- Aim of the task
Your task is to output the listing word for word, with pictures excluded.

- Stored data
*** Block opens ***
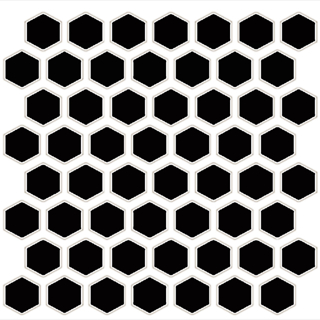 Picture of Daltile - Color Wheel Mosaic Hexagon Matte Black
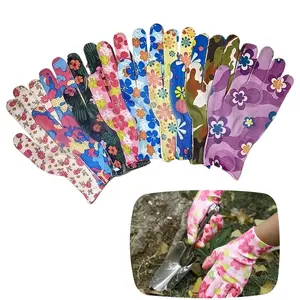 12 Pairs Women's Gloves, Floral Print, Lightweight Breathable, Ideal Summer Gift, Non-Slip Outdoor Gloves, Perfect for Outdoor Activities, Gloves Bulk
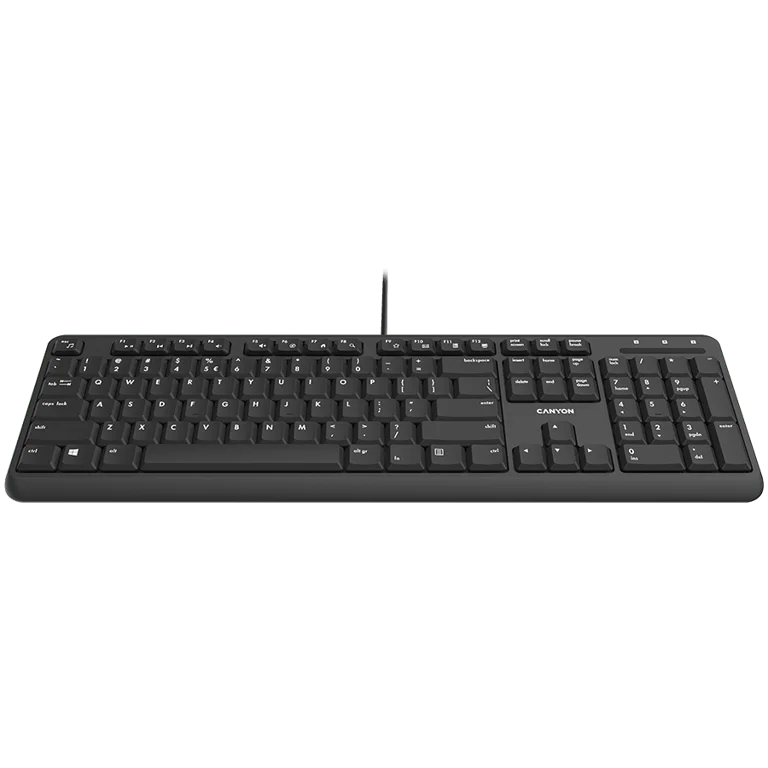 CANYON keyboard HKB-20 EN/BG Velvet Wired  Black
*** Block closes ***
- Response
 Picture of Daltile - Color Wheel Mosaic Hexagon Matte Black
 12 Pairs Women's Gloves, Floral Print, Lightweight Breathable, Ideal Summer Gift, Non-Slip Outdoor Gloves, Perfect for Outdoor Activities, Gloves Bulk
 CANYON keyboard HKB-20 EN/BG Velvet Wired  Black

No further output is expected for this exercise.